*Problem details*
Copy, exactly as written, the lines that begin at the one containing "2025 JLG ES2632" and end at the one containing "Die BG Göttingen". Skip any pictures in the data below.

*Material supplied*
══════
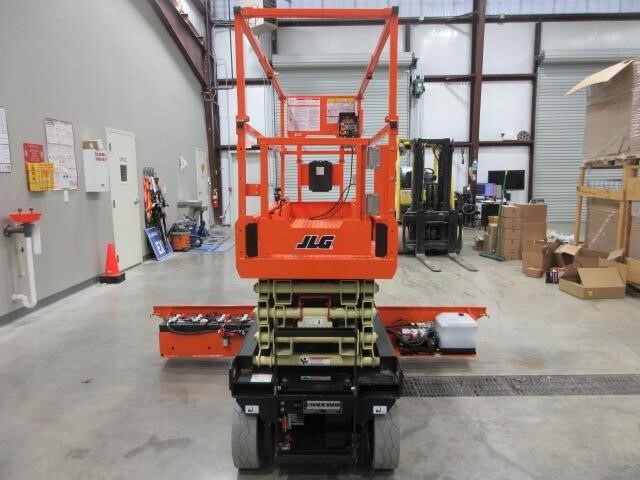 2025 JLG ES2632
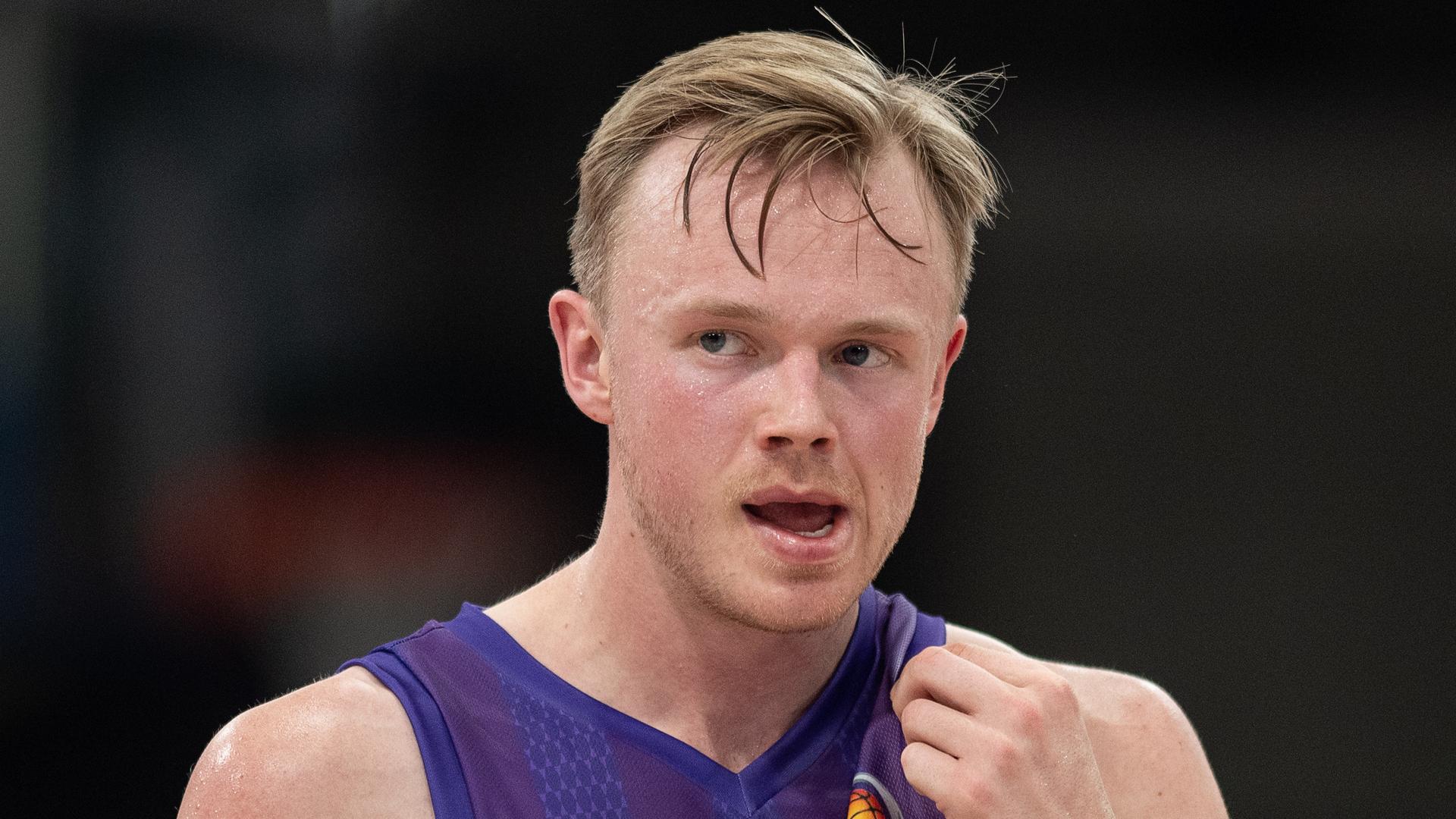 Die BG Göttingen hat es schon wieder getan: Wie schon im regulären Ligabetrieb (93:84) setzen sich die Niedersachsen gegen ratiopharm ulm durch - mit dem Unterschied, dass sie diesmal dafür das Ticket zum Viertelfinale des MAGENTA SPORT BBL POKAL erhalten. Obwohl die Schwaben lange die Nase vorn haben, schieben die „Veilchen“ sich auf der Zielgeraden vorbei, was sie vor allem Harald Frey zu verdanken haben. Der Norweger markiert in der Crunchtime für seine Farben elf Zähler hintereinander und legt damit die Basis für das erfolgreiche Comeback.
══════
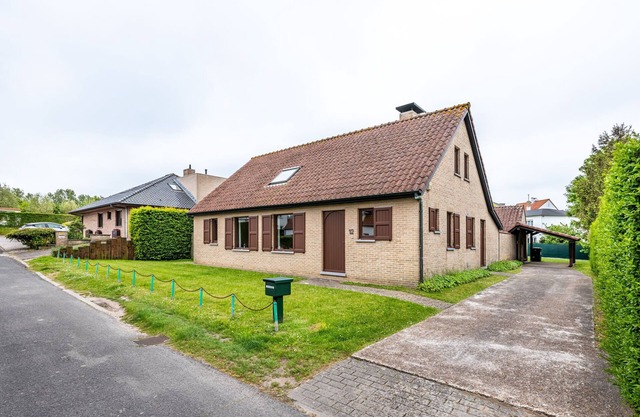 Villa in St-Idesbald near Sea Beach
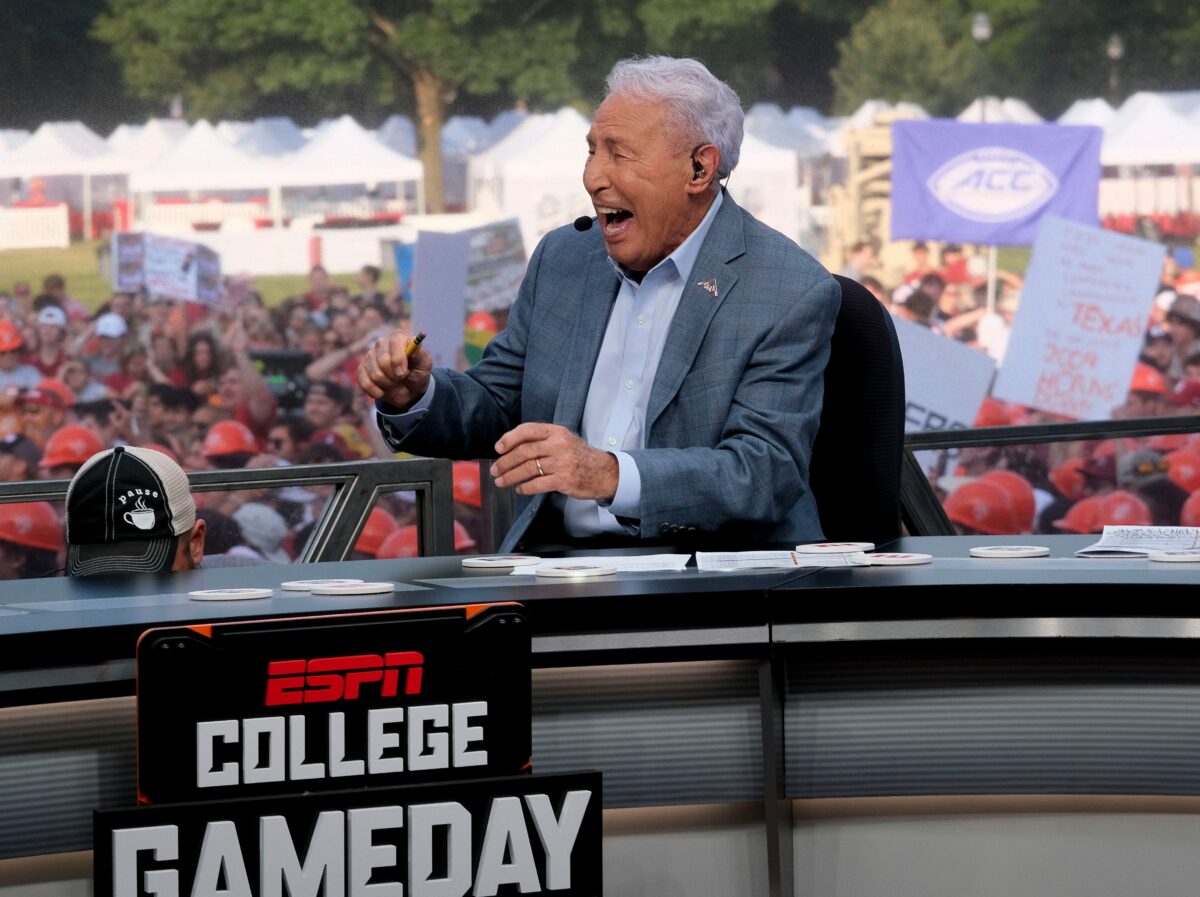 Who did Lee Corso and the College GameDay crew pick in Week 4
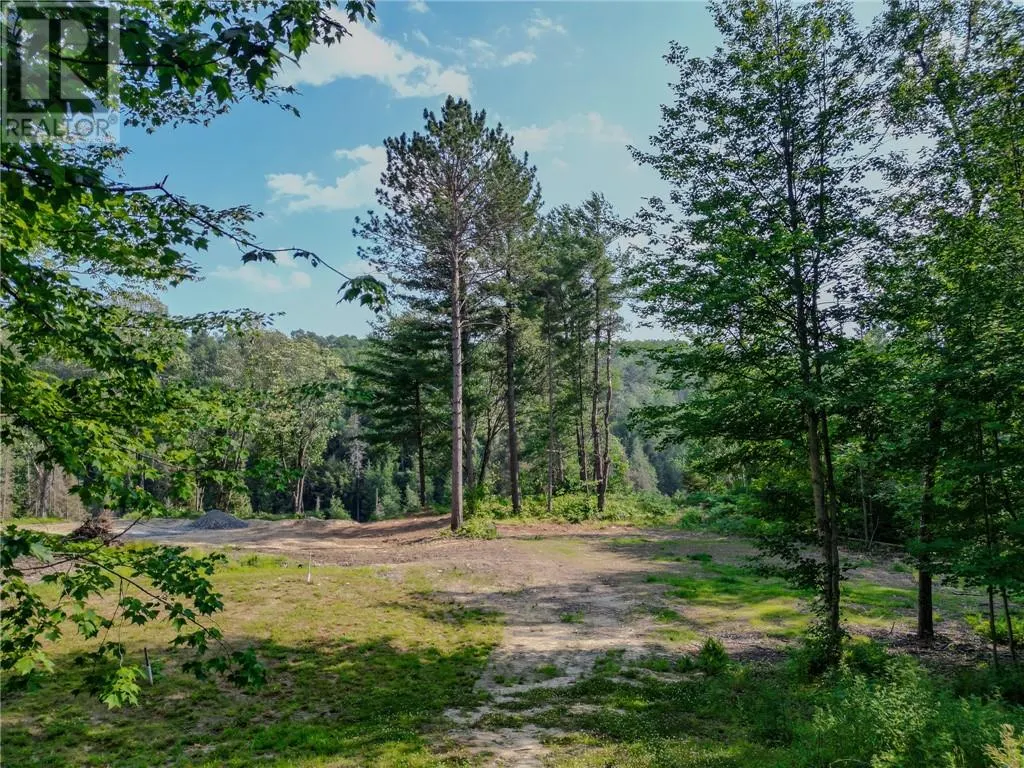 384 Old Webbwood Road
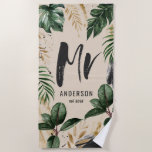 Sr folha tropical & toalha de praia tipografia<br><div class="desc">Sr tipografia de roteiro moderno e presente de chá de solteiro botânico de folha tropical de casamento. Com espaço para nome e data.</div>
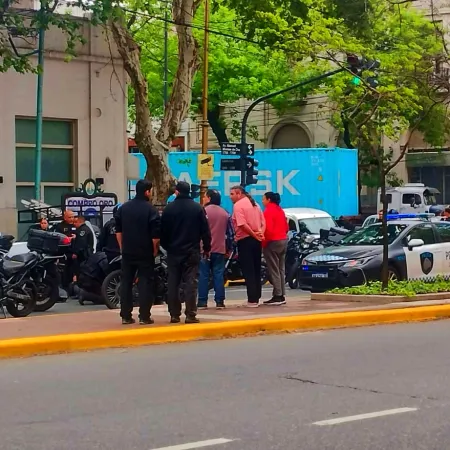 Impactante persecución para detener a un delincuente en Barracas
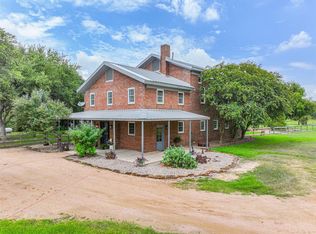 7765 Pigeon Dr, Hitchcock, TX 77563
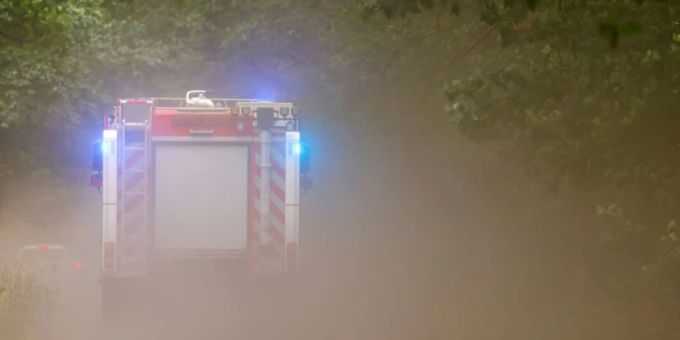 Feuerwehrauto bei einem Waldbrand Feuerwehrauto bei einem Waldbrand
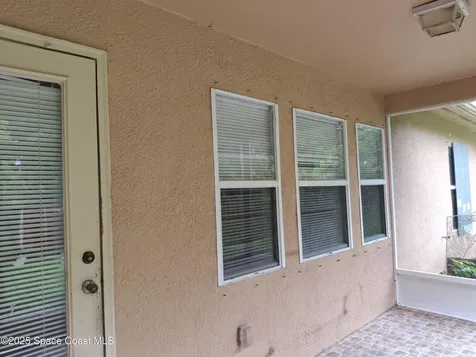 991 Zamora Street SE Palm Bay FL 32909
══════
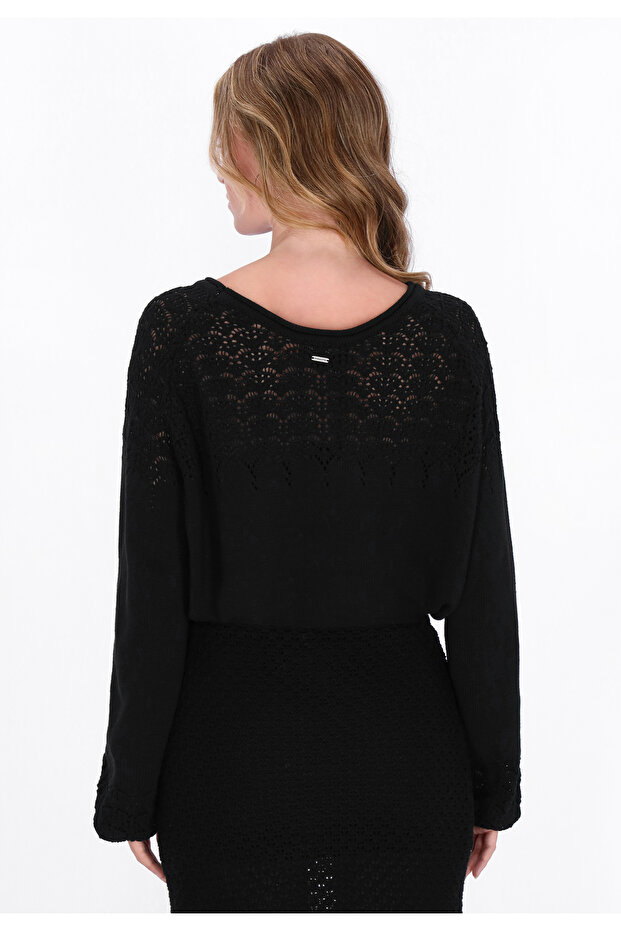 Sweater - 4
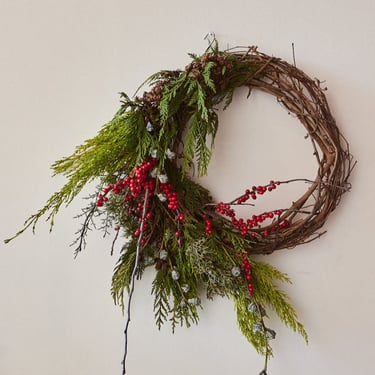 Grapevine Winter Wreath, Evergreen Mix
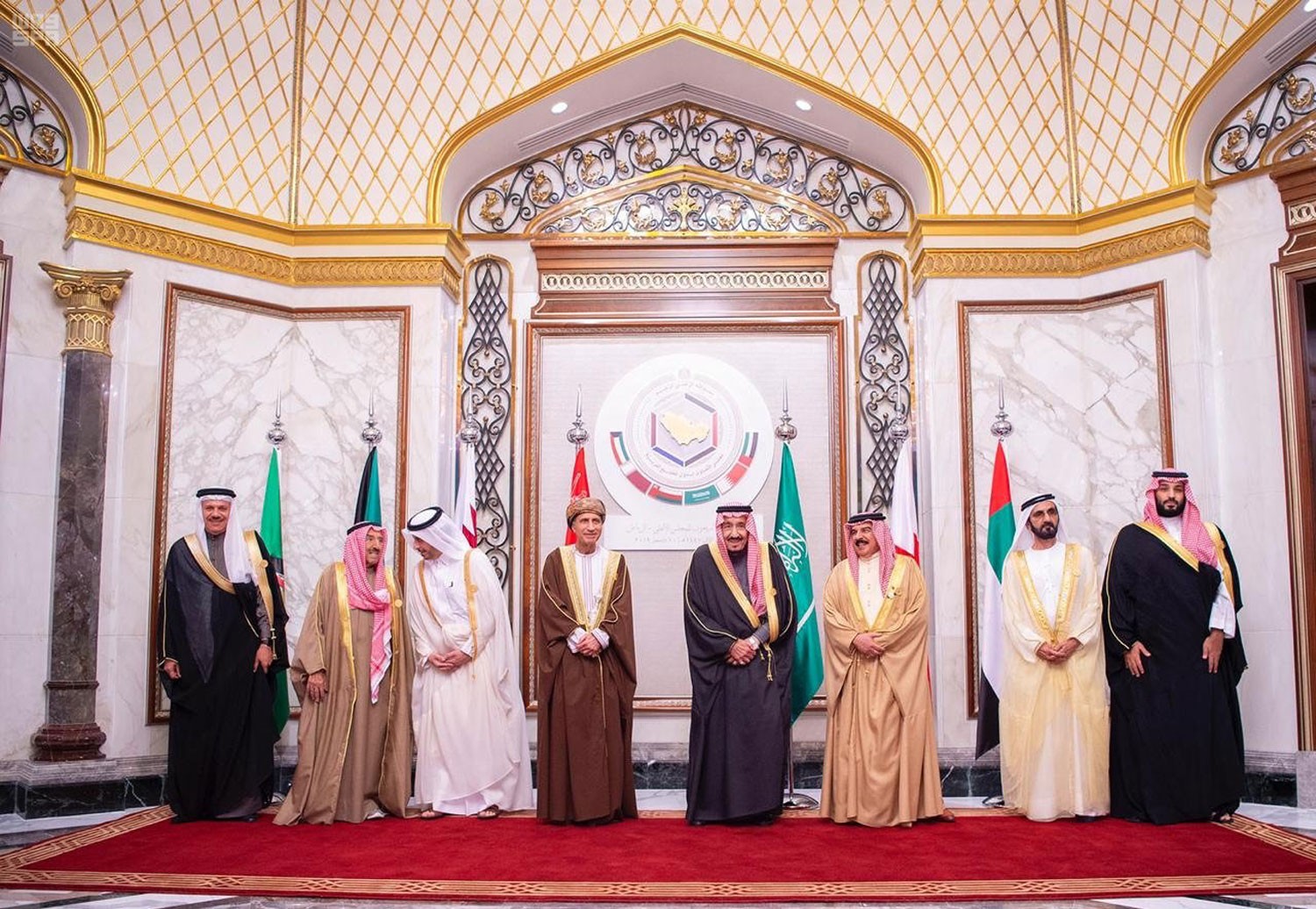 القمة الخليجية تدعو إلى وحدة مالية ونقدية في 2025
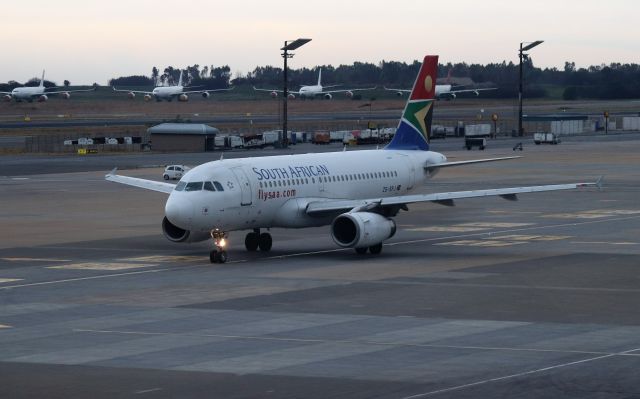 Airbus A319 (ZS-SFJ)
══════
*Exercise output*
 2025 JLG ES2632
 Die BG Göttingen hat es schon wieder getan: Wie schon im regulären Ligabetrieb (93:84) setzen sich die Niedersachsen gegen ratiopharm ulm durch - mit dem Unterschied, dass sie diesmal dafür das Ticket zum Viertelfinale des MAGENTA SPORT BBL POKAL erhalten. Obwohl die Schwaben lange die Nase vorn haben, schieben die „Veilchen“ sich auf der Zielgeraden vorbei, was sie vor allem Harald Frey zu verdanken haben. Der Norweger markiert in der Crunchtime für seine Farben elf Zähler hintereinander und legt damit die Basis für das erfolgreiche Comeback.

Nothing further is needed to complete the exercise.